Music is art. Right? So, I’d like to think that my decision as a young lad to take up an instrument was born in a desire to make the world a better place by seasoning it with my music. But, to be perfectly honest, there was no altruism at work. Nope. I just thought the sounds on my Dad’s album of Revolutionary War fife and drum tunes were really cool. So, when “the music man” (Mr. Bestman) came to my school and pitched the idea of playing an instrument, I wanted to play the drums.
But, alas, it was 1967, the year of the smash hit Wipe Out, and every boy wanted to play the drums. (The link to the left is only for the benefit of those who are not my peers.) As a result, the quota on drum players had already been satisfied by the time I got to the clipboarded signup sheet. Disappointed, I asked, “Can I play a fife?” Says the Music Man, “Well, no. But the next best thing is this.” And he held up a shiny, silver tube with lots of scary buttons and holes. “How ’bout a flute?”

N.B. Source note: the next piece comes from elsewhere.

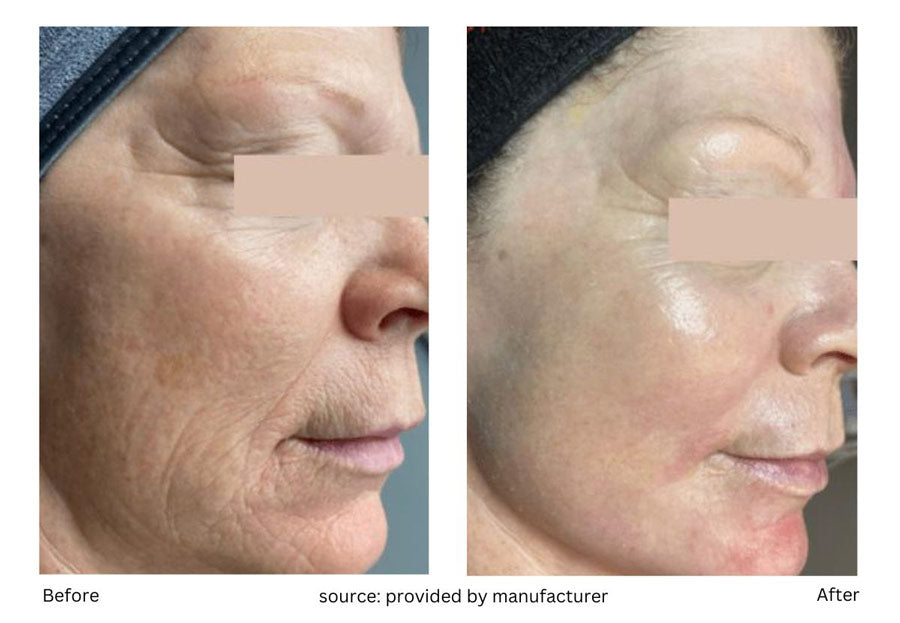 Applications of the Tetra CO2 laser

I wasn’t sure about this, but I swallowed my disappointment at not being able to knock out the rowdy rhythms of rock’n and roll’n California surfers and began the rocky start of the only boy flute player that I knew in a 3000-mile radius of my home in DesPlaines Illinois.

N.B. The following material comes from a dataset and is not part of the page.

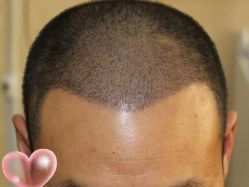 -大麦微针植发丨全国连锁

Truncating the story by a couple of years and going right for the most important part, and that which propelled me into grade school stardom, my private flute teacher taught me how to sing on the flute with…VIBRATO. With that ability I warbled my way into good standing with the band director, Mr. Galvin who asked me to solo with the school band, playing Flute Royale. Now, mind ye well young men. I also rose on the popularity charts among the girls for being the sensitive and artistic alpha male. “The flute is a girl instrument, isn’t it?” Not in my book, mate. The flute is the instrument of some of the coolest cats in the artistic world: Jean Pierre Rampal, Sir James Galway, Herbie Mann, Matt Molloy, Ian Anderson, Matt Eakle, Bob McBirnie and the list goes on.
I enjoyed crushing the competition and winding up First Chair. Before finishing High School I played in the Youth Symphony of Greater Chicago (now CYSO) and taught the flute to about 20 students in the local school system. (Below: Here I am with one of my students way back in 1974.)
Following graduation I started a college career in performance on flute at Roosevelt University in the Chicago Musical College, living and breathing music for 2 years in the heart of the city. This time served well in helping me sort out my future which included playing with a number of Chicagoland ensembles like The Harwood Early Music Ensemble, The Skokie Valley Symphony, The Chicago Symphonic Wind Ensemble, The Wheaton Municipal Band, and other small ensembles of my own creation such as a flute choir called Spirit Winds.
Through the years I learned how to play for pure enjoyment, (while making a living in another creative endeavor), which has lead me down a number of paths playing in hundreds of settings with a variety of musicians. Today I find my greatest pleasure in jamming with my own English country dance band, Old Fezziwig’s Band, as we play for traditional English, Welsh, and Scottish dance events.